I guess the TL;DR is:

  • We don't properly answer the use-case described in T4358, although we talk about it
  • We can support this use-case using either (1) lots and lots of code and complexity, or (2) a warning to self-hosted installs that we don't support this use-case, and possibly (3) similar warning in Phacility docs.
  • While option 1 might be desirable product-wise, the complexity considerations should push it far down the road.

The "consulting firms" use case is explicitly disavowed by, e.g., the Spaces documentation, here:

https://secure.phabricator.com/book/phabricator/article/spaces/#limitations-and-caveats

I think we're already consistent about saying that this use case doesn't work and isn't supported, although this option is an outlier and a little misleading since it provides a glimmer of hope that it might work.

I don't currently plan to ever support this -- T11597#193665 is roughly the state of the world.
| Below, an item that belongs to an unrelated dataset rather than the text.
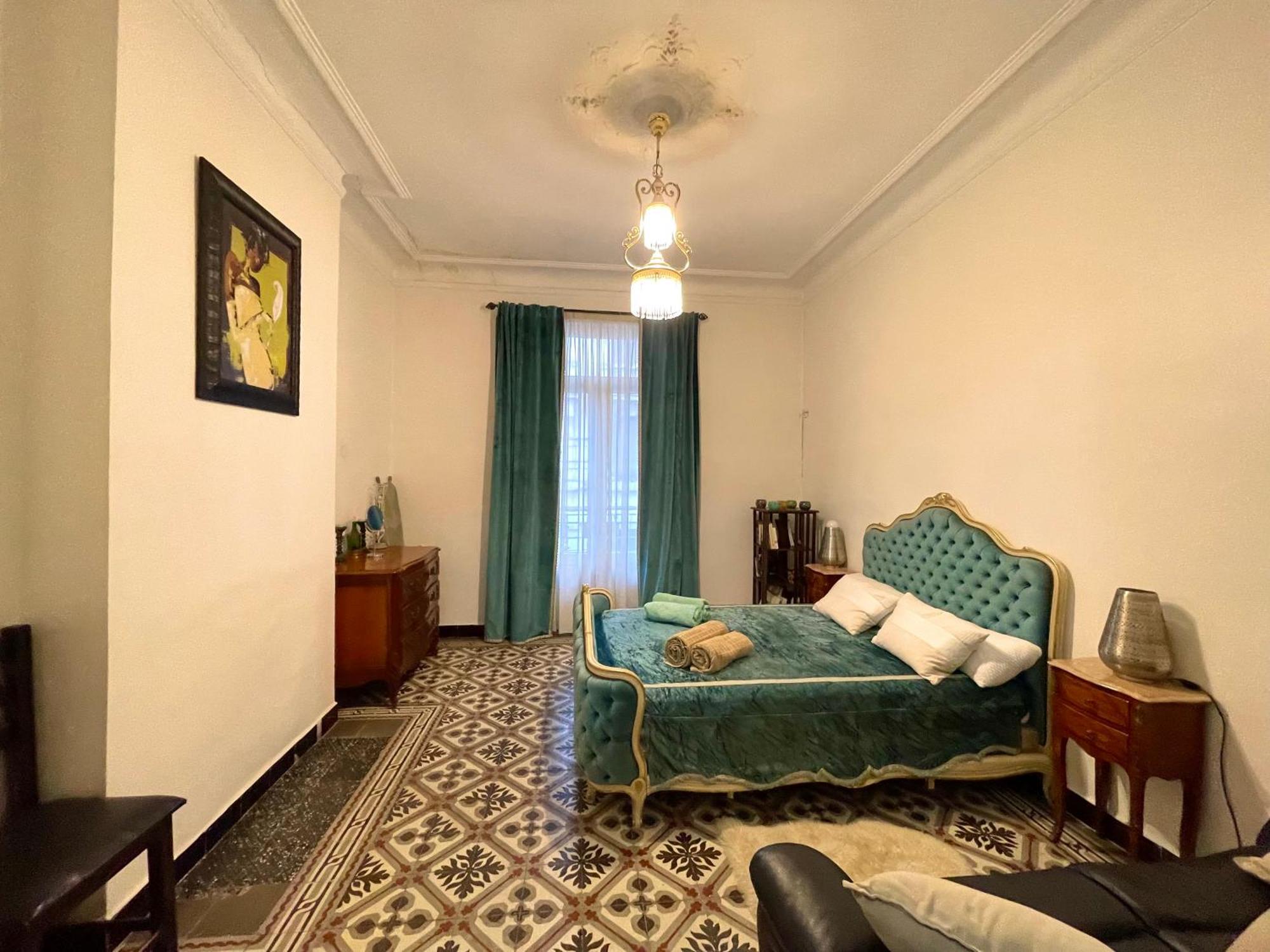 Appartement Dans Immeuble Haussmanien Algiers Экстерьер фото
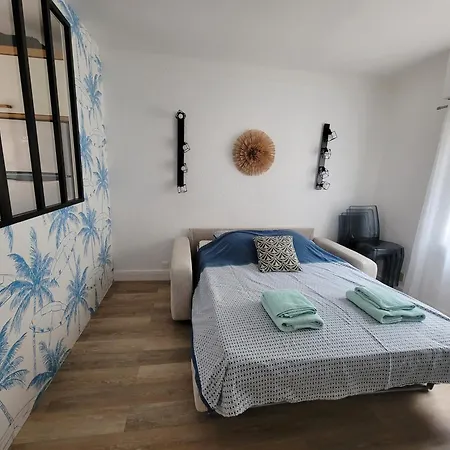 Apartment Cocon, Centre St Raphael, A 1min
If we do want to support these "secret client portals", I think building tiny walled-off areas in Nuance that interact with the main install via a support barrier is probably the most promising way forward. I'm not excited about that either, but more excited about it than trying to put policies on users, projects, etc., and still leaking their existence at the end of the day because two users can't both be named @epriestley.

I'm touching some adjacent code for a "Disable User" permission in T13164.

Motivated mostly by making my life and the narrow use case on admin.phacility.com easier, I'm inclined to possibly expand this permission from "Can Browse User Directory" to "Can View User Profiles". You would then need this capability to:

  • Browse the user directory.
  • Find users in global search.
  • Find users in the global search typeahead.
  • View user profiles (/p/xyz/).

This would not prevent enumeration of user accounts by logged-out users: they can still query the typeahead datasource.

But, in theory, we could actually lock this down too, I think:

  • Let datasources define required permission to query them.
  • Aggregate datasources require aggregate permission? Or only query the permitted datasources (how do we explain that the typeahead is half-functional to users?).
  • If a user lacks permission on a datasource, the control disables itself with some explanation (e.g., "log in to search for tasks by author").
  • Modern SearchEngine / *.search stuff is smart enough that it could disable the entire constraint based on datasource permissions.

This would also solve "find users in the global search typeahead" automatically. Maybe that use case motivates "partially disable aggregate datasources".

You can still try to register accounts to enumerate usernames, but this would at least be a higher barrier.

epriestley changed the visibility from "Custom Policy" to "Public (No Login Required)".Aug 27 2018, 4:32 PM
epriestley added a project: People.

I made this public since I've disclosed/discussed this elsewhere, including an indirect reference in the Spaces documentation, and I'm going to schedule it alongside some other stuff.

(For anyone getting added by Herald, this is a year old, it was just private when filed.)